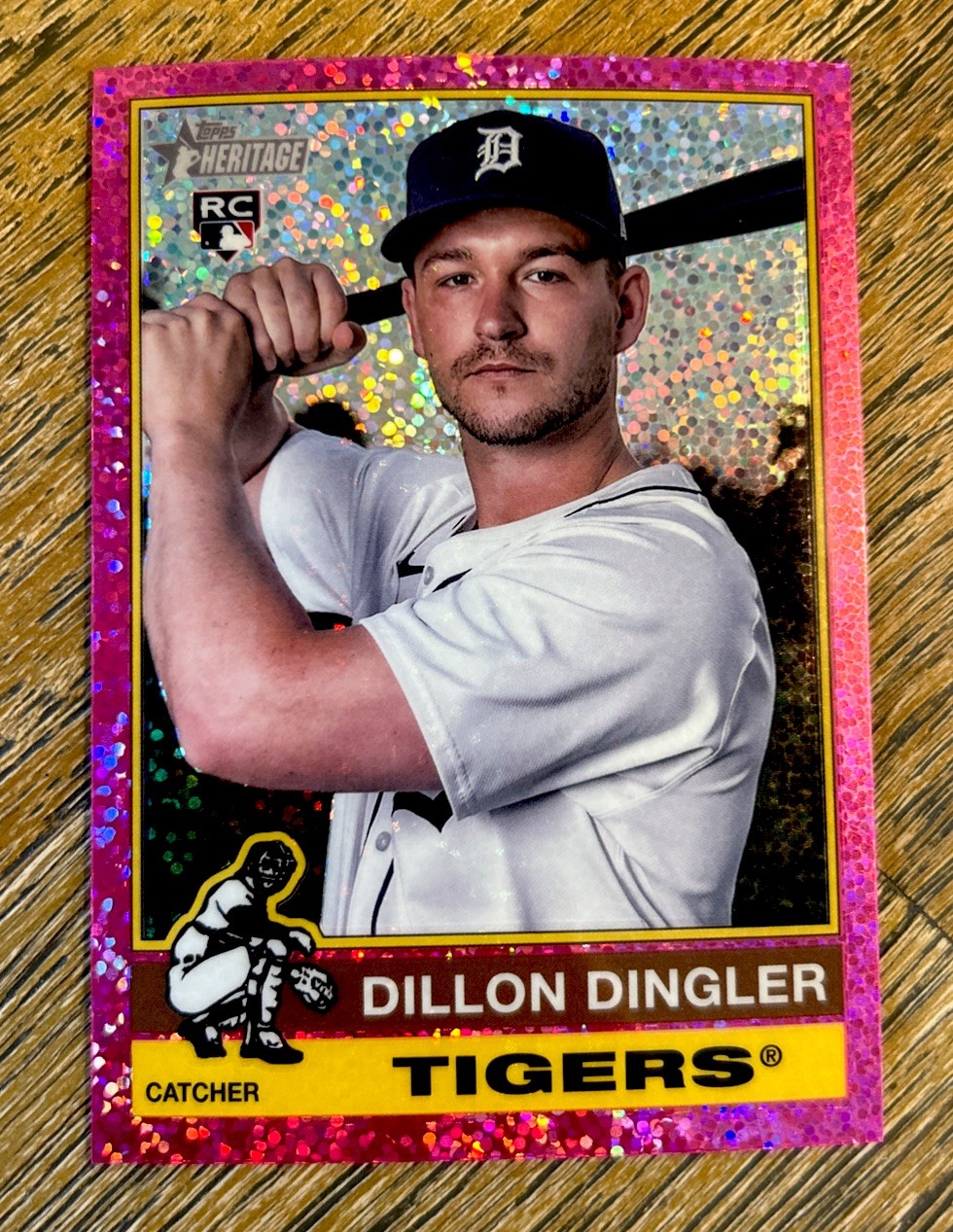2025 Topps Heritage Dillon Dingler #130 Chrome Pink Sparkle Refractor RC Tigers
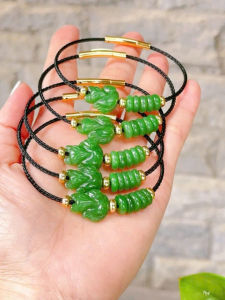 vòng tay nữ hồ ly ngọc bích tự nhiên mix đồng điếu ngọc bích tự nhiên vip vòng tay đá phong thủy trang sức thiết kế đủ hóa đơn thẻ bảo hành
--
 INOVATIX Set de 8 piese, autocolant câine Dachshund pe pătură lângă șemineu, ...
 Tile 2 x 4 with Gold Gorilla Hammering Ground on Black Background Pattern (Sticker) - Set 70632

* _WHAT YOU HAVE TO DO_: All that should be printed is the run of lines above from the one with "2025 Topps Heritage" through the one with "vòng tay nữ", both included, exactly as given, with pictures left out.

* _REPLY_:
2025 Topps Heritage Dillon Dingler #130 Chrome Pink Sparkle Refractor RC Tigers
 vòng tay nữ hồ ly ngọc bích tự nhiên mix đồng điếu ngọc bích tự nhiên vip vòng tay đá phong thủy trang sức thiết kế đủ hóa đơn thẻ bảo hành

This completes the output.